With Kavanaugh, Democrats Must Lose the Battle to Win the War
Updated: Sep 27
This post was originally published at smerconish.com
Democratic Senators Joe Manchin of West Virginia, Joe Donnelly of Indiana, Clair McCaskill of Missouri and Heidi Heitkamp need to vote for the confirmation of Supreme Court nominee Brett Kavanaugh- for the good of the Democratic Party.
Full disclosure, I consider my political beliefs to be mainstream but will acquiesce to being called a liberal, a progressive, or whatever current nomenclature is being foisted on me.
And while I usually vote Democrat, I have occasionally voted for Republicans, or in the case of the 2003 California gubernatorial recall election, Mary Carey, an adult film actress (because, well, how often does one actually get the chance to vote for a porn star for governor).
That said, I understand the anger from the left regarding seating Kavanaugh, especially considering how the seat that is now occupied by Neil Gorsuch should by all rights belong to Merrick Garland. I also fully appreciate the damage seating Kavanaugh can do to liberal ideals in the long term.
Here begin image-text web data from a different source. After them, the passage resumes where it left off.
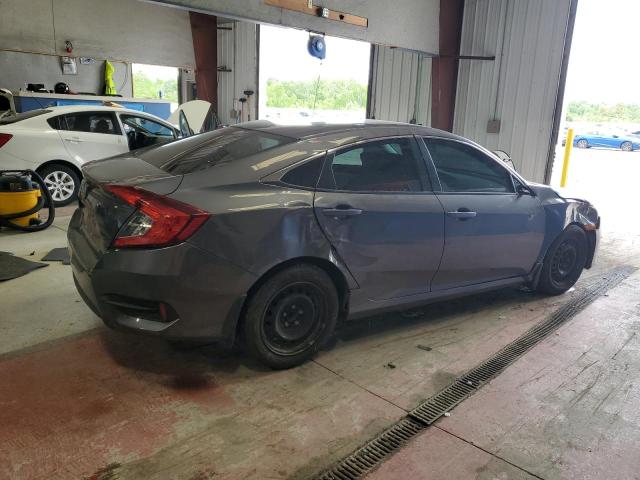  HONDA CIVIC 2018 Gray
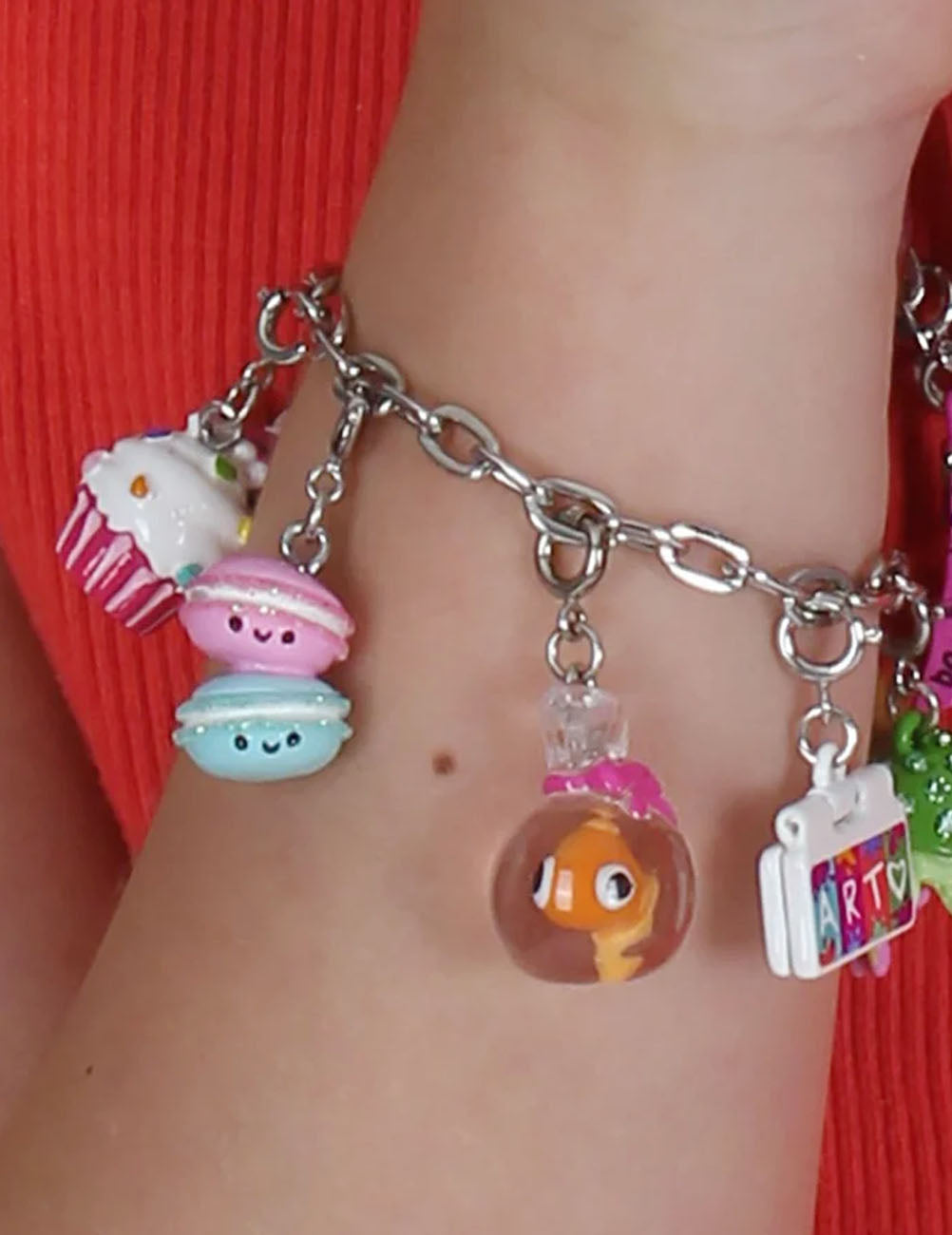 Ciondolo CharmIT! Macaron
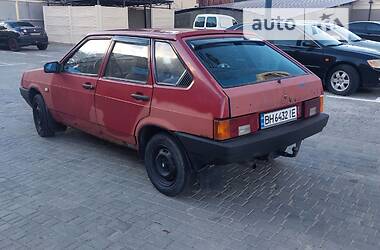 Хетчбек ВАЗ / Lada 2109 1987 в Одесі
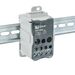 457966 - EKF распред. блок (кросс-модуль) крепеж на монтажную панель и DIN рейку КБР-500 A plc-kbr500 (3)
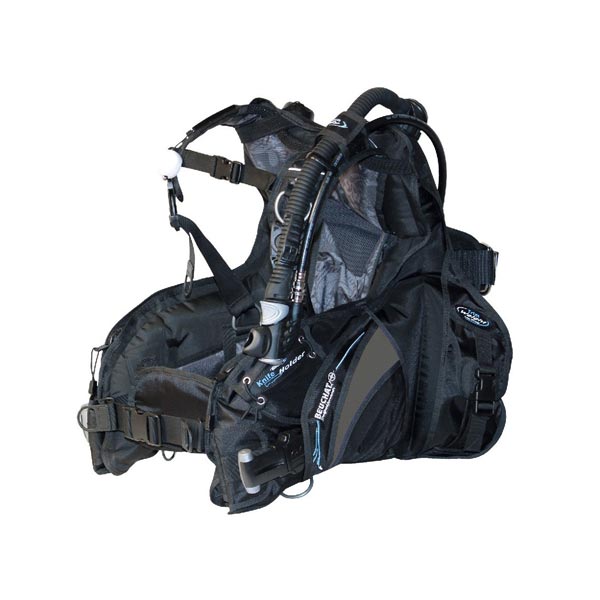 gilet stabilisateur beuchat x air light lady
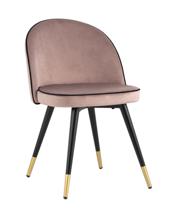 Стул Stool Group Стул Gabi LUX велюр розовый арт. УТ000027328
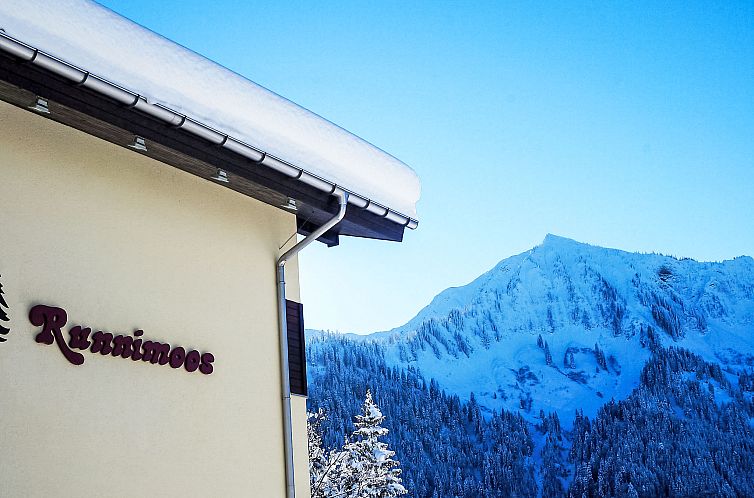 Vakantiehuis Runnimoos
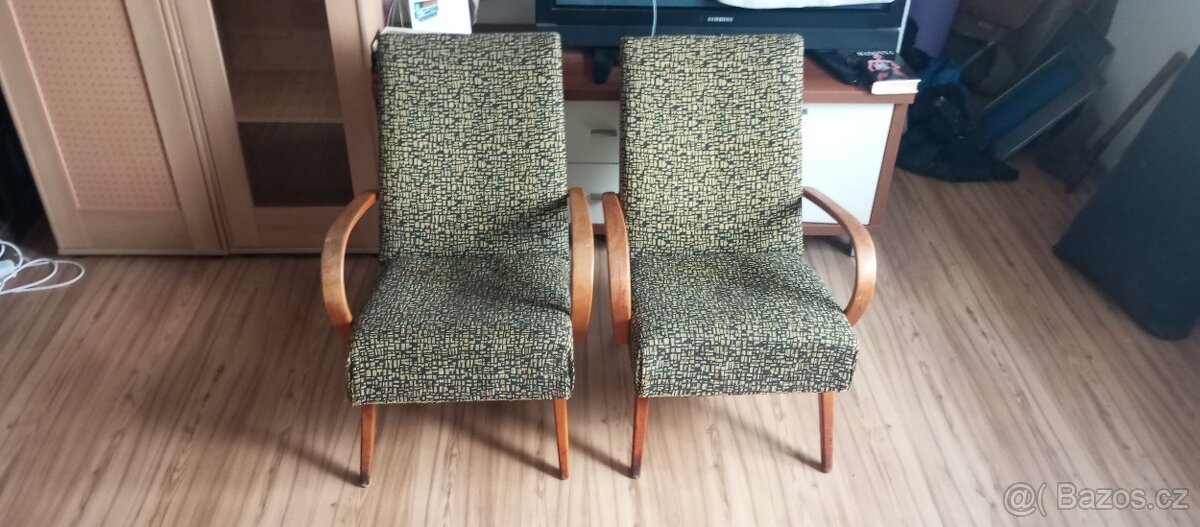 Starožitná křesla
Despite knowing that Kavanaugh holds positions that could impact abortion, health care, the environment, voting rights, election reform, and possibly even shield President Trump from being subpoenaed, questioned, or in any manner having to respond to civil lawsuits or criminal charges, I stand by my belief that these four Senators need to vote for his confirmation.
Here’s my rationale: rather than focusing solely on the vacant Supreme Court seat, no matter how important that seat is, I’m also looking at the impact of four Senate seats that will be in the possession of the victorious party for the next six years. I want to put the Democratic party in a stronger position not just for 2018, but for 2020 and beyond.
Yes, a Supreme Court justice can alter the course of America for the next forty years, but four Senators over the next six years can have an influence over a lot of important decisions (including the confirmation of another two or three or more Supreme Court justices).
I would even wager that if the Democrats were to get control of the Senate they would refuse to seat any justice nominated by a Republican president, even if the court were to find itself down to only six or seven justices. Personally, I don’t think that’s what the Founding Fathers had intended- but McConnell has set a new standard for the future.
As for the outside chance that the Democrats could block Kavanaugh’s confirmation, which I don’t believe is possible barring the discovery of a “smoking gun” in Kavanaugh’s record, Trump would simply nominate someone else who would probably make us pine away for Old Brett Kavanaugh. This seat is going to be Trump’s to fill, so the goal should be to do everything to not allow him to have another opportunity in the future.
Democrats need to be looking at both the short and long-term ramifications and plan for a more practical outcome rather than a far-fetched dream. The current makeup of the Senate is 51-49 with Democrats defending 24 of 33 seats in 2018, many of them in traditionally Republican states. While winning the Senate is a possibility considering the current environment, merely maintaining a close minority of no less than 52-48 would be considered in many pundits’ views a success.
Losing those four seats because you wanted them to make a political statement is pig-headed.
And while the idea of “wait till next year” might have worked for the Chicago Cubs, even if it took 108 tries, the case for flipping the Senate doesn’t get remarkably easier in 2020.
In 2020, the Republicans will be defending 20 seats, but most of them are in strongly Republican states, and with a bad showing in 2018, it would put the Democratic party in a position of having to flip five or more seats to win control, potentially keeping the Senate in GOP hands till 2022 when the map finally favors the Democrats.
How many Supreme Court nominations do you think will take place between now and then? The thought of being the minority in the Senate for 4 more years simply because you wanted to make a defiant stand is great for movies, but not so much in real life.
It would be the Democrats’ Alamo.
Yes, I’ve heard commentators and some of my Democratic friends claim that if those four Senators voted for the confirmation of Kavanaugh, Democrats in their state will not only be furious, but they will lose the enthusiasm to come out and vote in 2018.
If the voters of those states feel that the only thing that is important over the next six years is a vote on Supreme Court seat in 2018 and don’t turn out in November; if everything they have witnessed in this past year and one half, from Trump and his swamp, isn’t enough to overcome their preferred candidate refusing to take up a fool’s errand, then perhaps, they and the rest of us, truly do deserve the government and the leaders we get.